When caught in the moments of self-doubt, a man will find excuses as to why he is not able to be intimate with his beloved. The desire is there, the confidence is not. They search their minds for the answers but dismiss that the resolution is within their bodies. Men lose sight on the voice of their body: their heart, their hips, their groin, their power. If a man can let go of how odd it may initially be to talk to their body, they will see amazing results. It’s incredible that for example; a black cloud of smoke in their pelvic region has a lot of profound insights to share about WHY his libido is blocked.

Clearly, if he’s been judged for his kinky fantasies or not being able to hold an erection, made wrong for his sex drive, or cheated on or told he wasn’t bold, dark or bad boy enough, that judgment blocks his sexual energy.
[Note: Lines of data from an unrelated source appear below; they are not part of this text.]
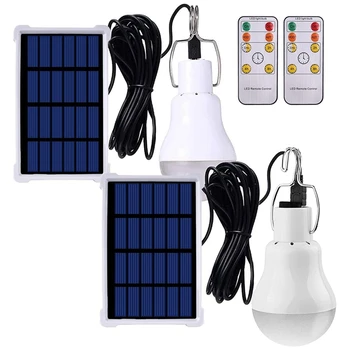 A energia Solar, Lâmpadas de LED luz Solar Recarregável Interior/Exterior Para o Acampamento de Emergência de Falha de Energia Com Controle Remoto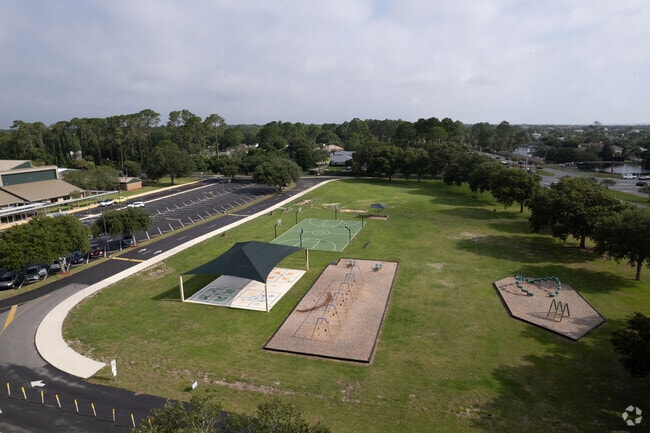 The athletic fields of the Ponte Vedra Palm Valley- Rawlings Elementary School.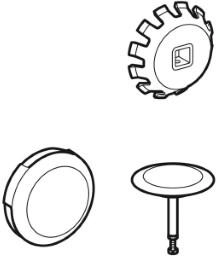 Geberit Fertigbauset für Badewannenablauf Ersatzteile (245445211)
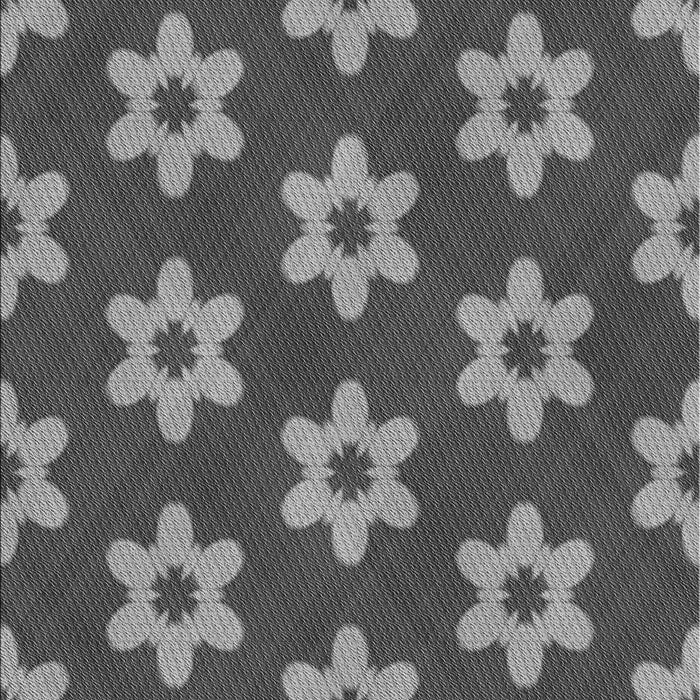 Patterned Gunmetal Gray Rug, pat1318gry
To move forward, he must release that negativity, heal, shift his energy, and get himself back on track. He must understand and accept that women appreciate far more in terms of intimacy and eventually lovemaking. There are so many ways two people can enjoy each other’s bodies and stay present instead of spinning in their minds.
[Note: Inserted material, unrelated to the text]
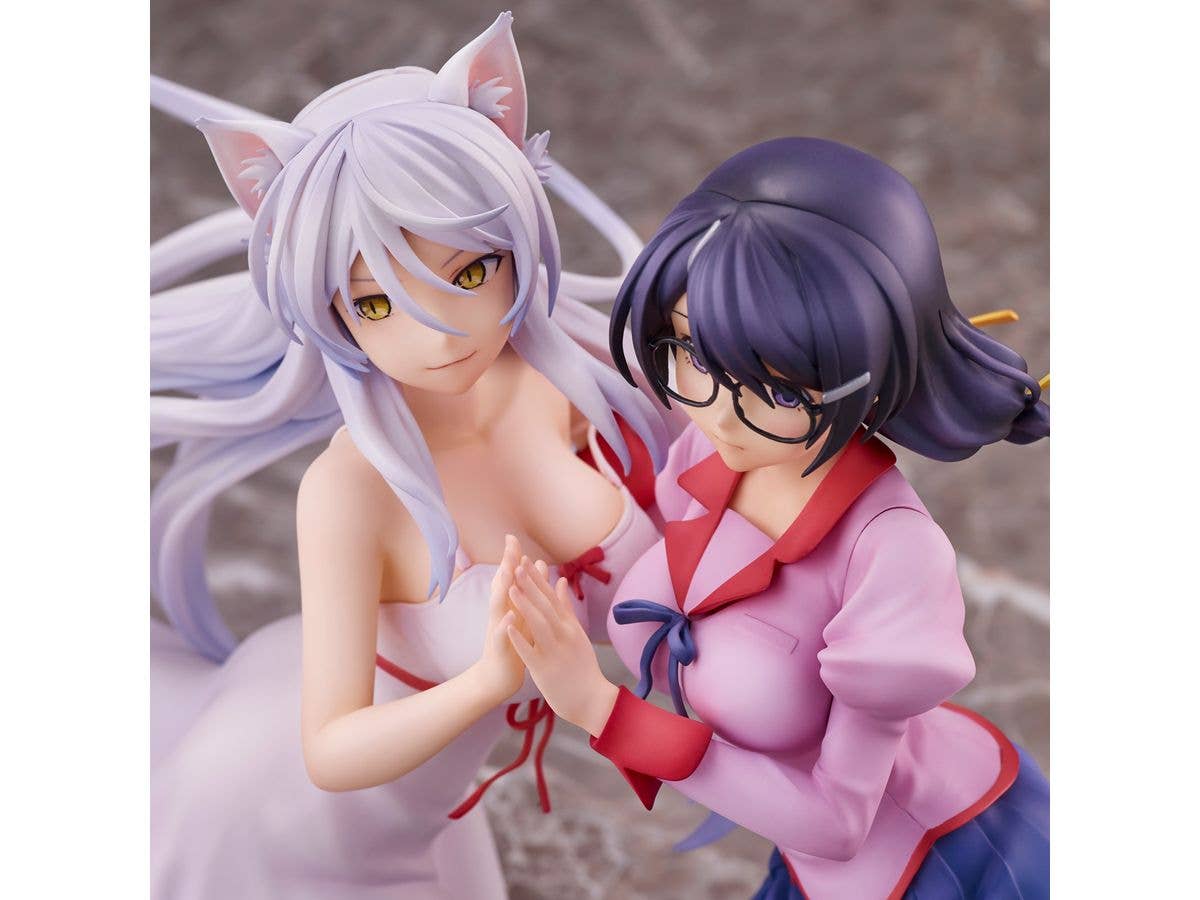 Union Creative "Nekomonogatari" Tsubasa Hanekawa Set of 2 Complete Figure | 4589642715894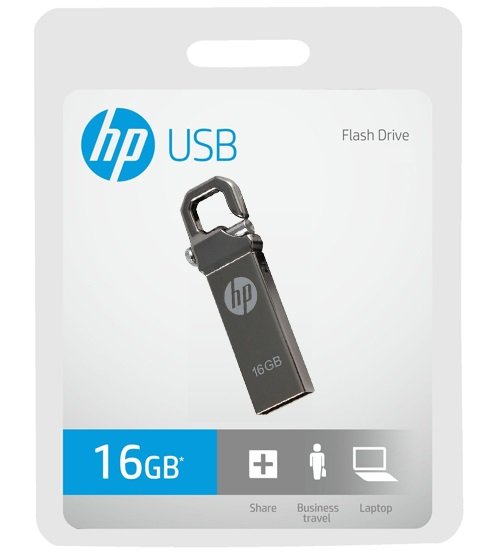 Hp Usb Flash Drive Steel Design 8,16,32 Gb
Another area that men do not directly connect to intimacy issues, is the lack of purpose. The necessity of purpose can stop the expansion. It can create a revolving door of judgment as he may not feel that he is enough, worthy enough, perfect in every moment. By not fulfilling a purpose, a man doesn’t feel inspired to show up with a lightness of what’s possible. Instead, he bares the heaviness of being a failure before he even begins. This failure would be detrimental to a libido. I mean, why try if you’ve already failed? This thought process would make anyone more timid in the bedroom, more susceptible to a woman’s judgments, and unable to heal.
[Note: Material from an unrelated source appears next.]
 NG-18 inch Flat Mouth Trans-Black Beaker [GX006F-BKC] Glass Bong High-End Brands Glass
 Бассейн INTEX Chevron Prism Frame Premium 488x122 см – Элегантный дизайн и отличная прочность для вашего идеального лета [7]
To break free, men have to release all of the judgment from within and from others. Accept that it is ok to have a purpose but don’t let it make or break you. Instead, focus on your main priorities in life.

Boldly be yourself. Be tender and kind with your journey and ask what would it take to really enjoy your sexual nature? Pleasure, sensuality, copulation, all are your birthright to enjoy. Facilitate any change required and celebrate every step of the way!